*WHAT YOU ARE ASKED TO DO*:
Every line of the records must be repeated exactly; pictures stay out.

*DATA*:
——
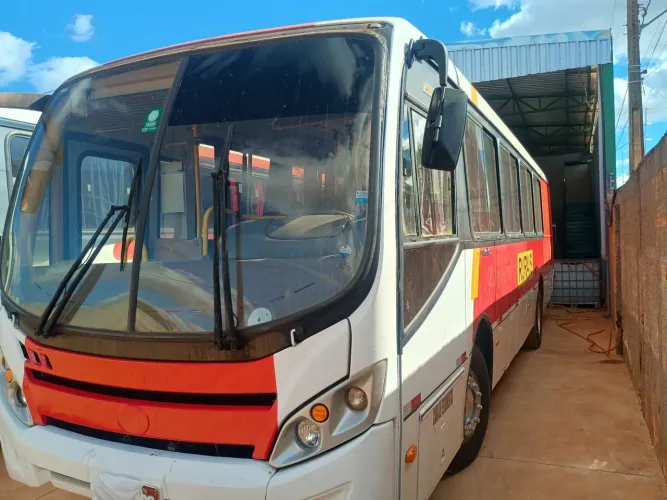 Ônibus preparado para transporte rurais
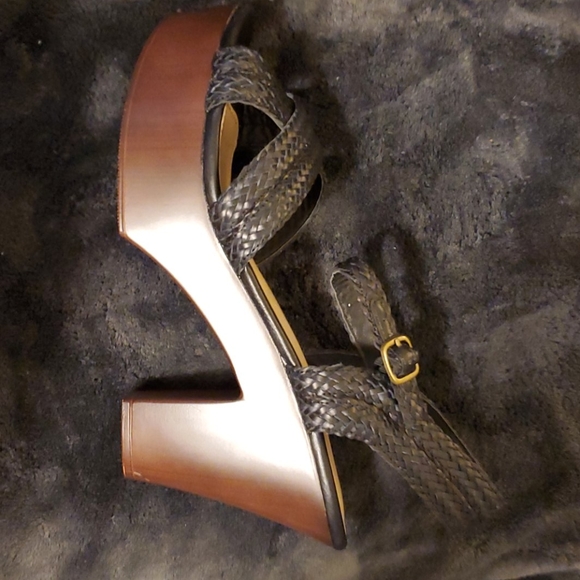 Sandals - Picture 2 of 6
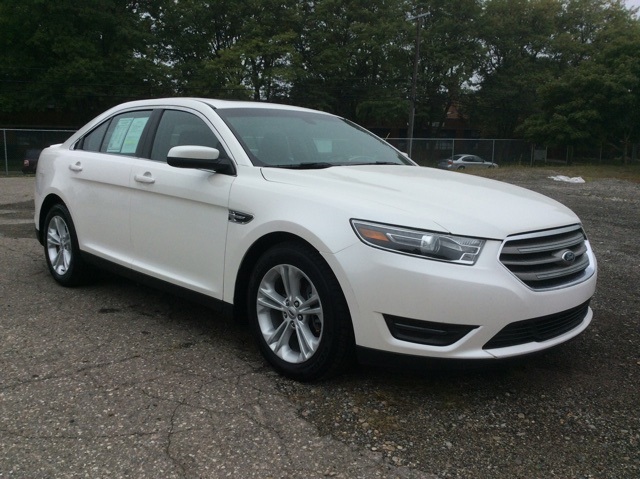 Pre-Owned 2016 Ford Taurus SEL 4D Sedan in Detroit area #GG103973 | Ray ...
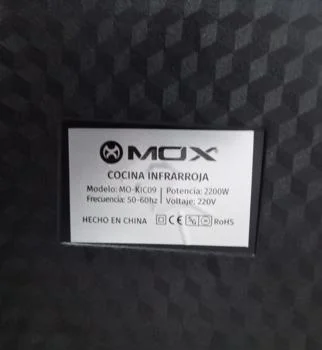Foto 3 de Cocina Electrica Tipo Vitroceramica Marca Mox Modelo Mo-Kic09 Usado Con Desgaste Acc La Placa Esta Con Detalles De Manchas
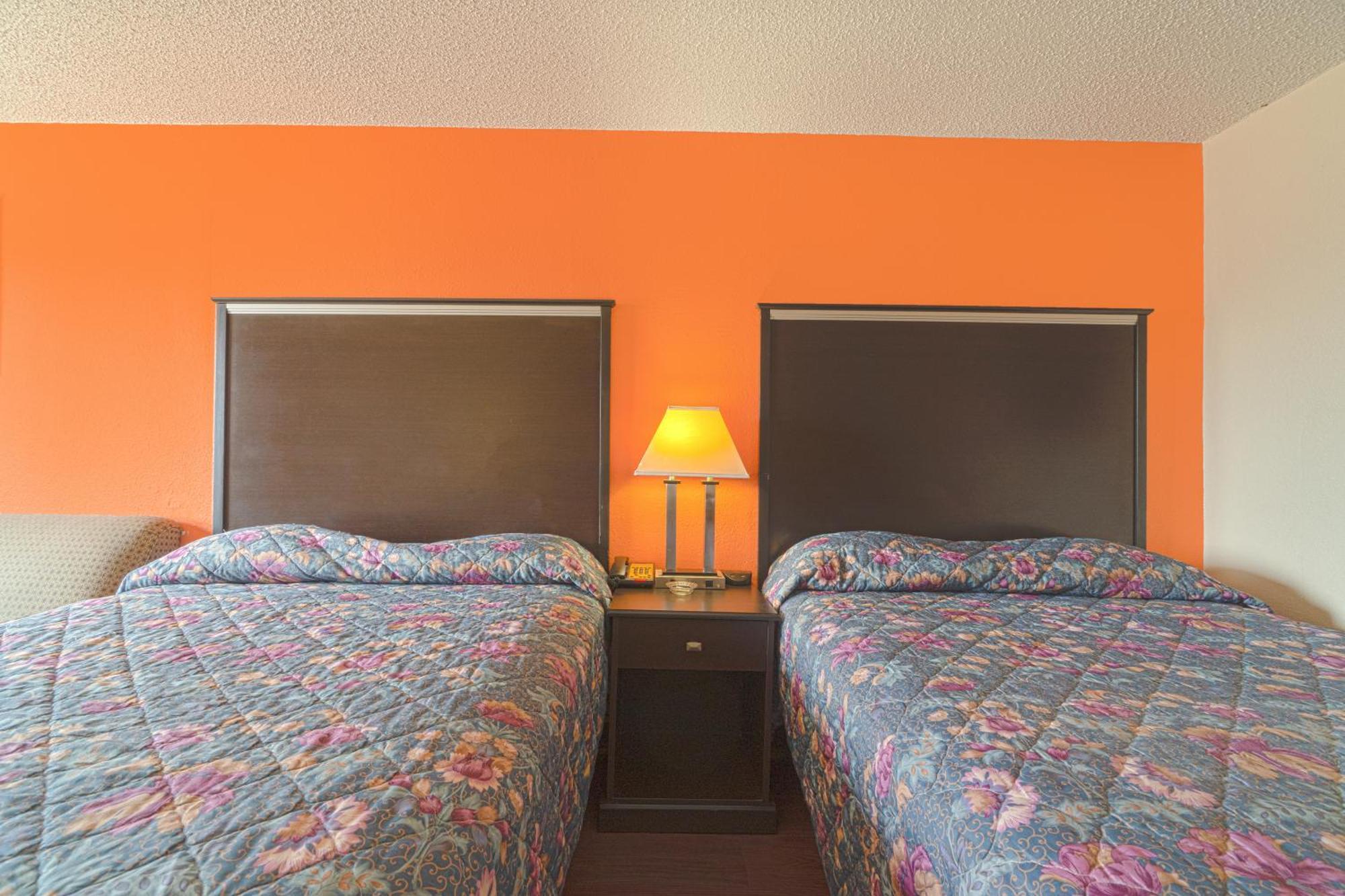 Regency Inn & Suites By Oyo Bay City Tx Exteriör bild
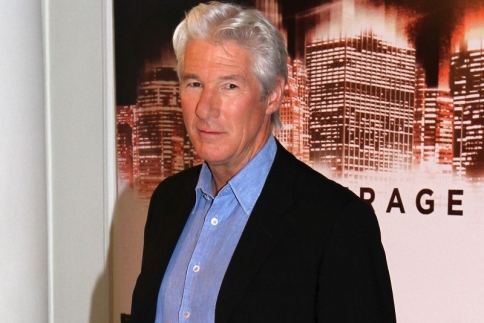 Κορίτσια τρέξτε! Ελεύθερος και ωραίος ο Richard Gere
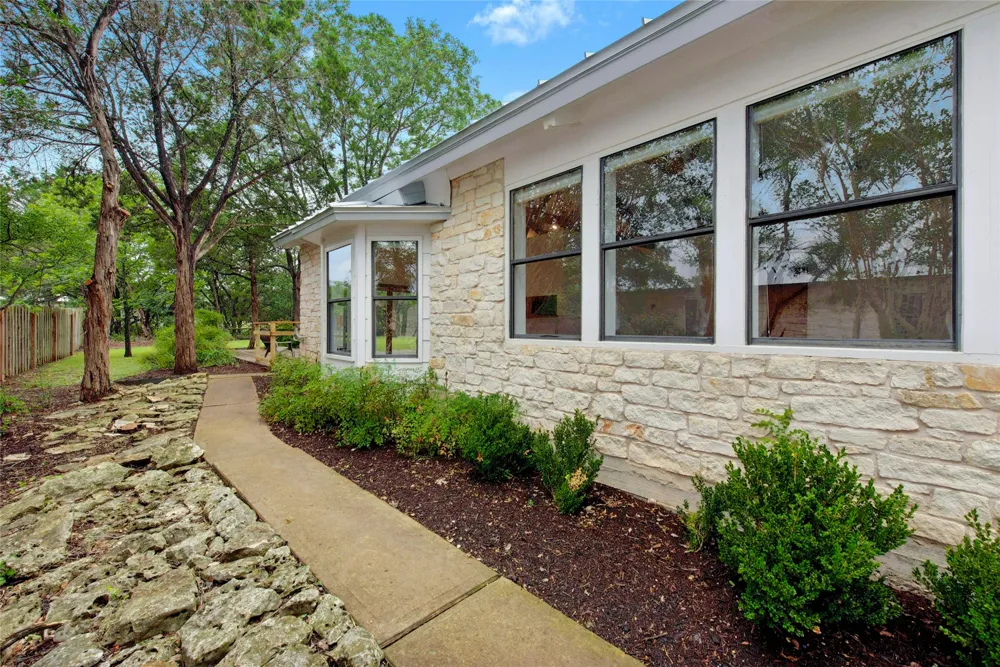 140 Donna Drive Wimberley, TX 78676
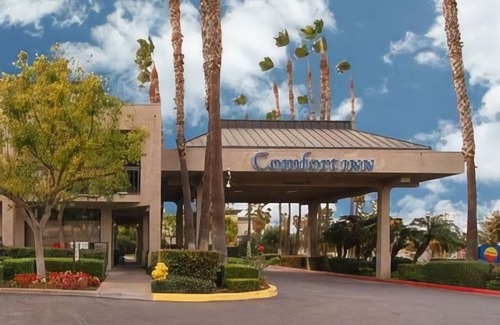 Riverside Hotel | Quality Inn Riverside Near UCR and Downtown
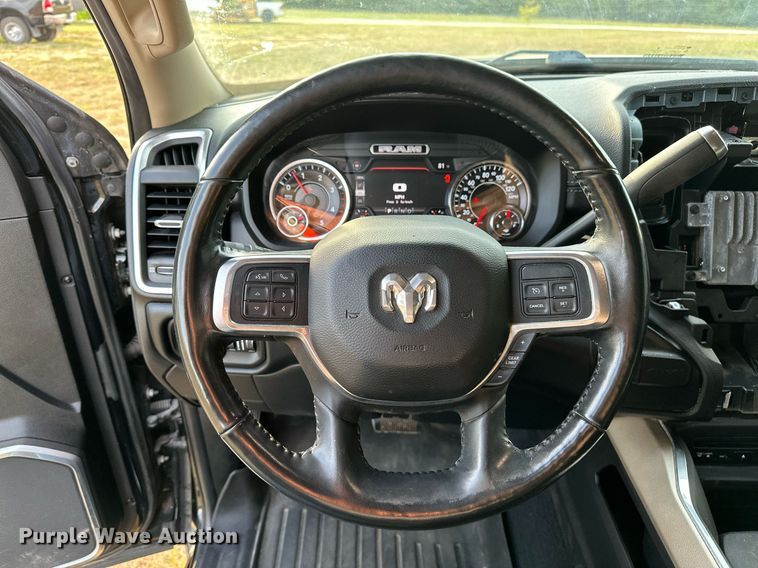 image for item NQ9365 2019 Dodge  Ram 3500 Laramie Crew Cab flatbed pickup truck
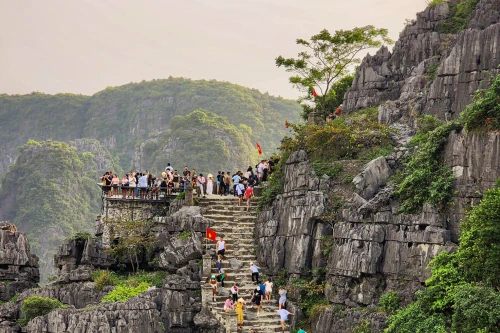 Ninh Binh Hiking Tours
——
*WRITTEN SOLUTION*:
 Ônibus preparado para transporte rurais
 Sandals - Picture 2 of 6
 Pre-Owned 2016 Ford Taurus SEL 4D Sedan in Detroit area #GG103973 | Ray ...
Foto 3 de Cocina Electrica Tipo Vitroceramica Marca Mox Modelo Mo-Kic09 Usado Con Desgaste Acc La Placa Esta Con Detalles De Manchas
 Regency Inn & Suites By Oyo Bay City Tx Exteriör bild
 Κορίτσια τρέξτε! Ελεύθερος και ωραίος ο Richard Gere
 140 Donna Drive Wimberley, TX 78676
 Riverside Hotel | Quality Inn Riverside Near UCR and Downtown
 image for item NQ9365 2019 Dodge  Ram 3500 Laramie Crew Cab flatbed pickup truck
 Ninh Binh Hiking Tours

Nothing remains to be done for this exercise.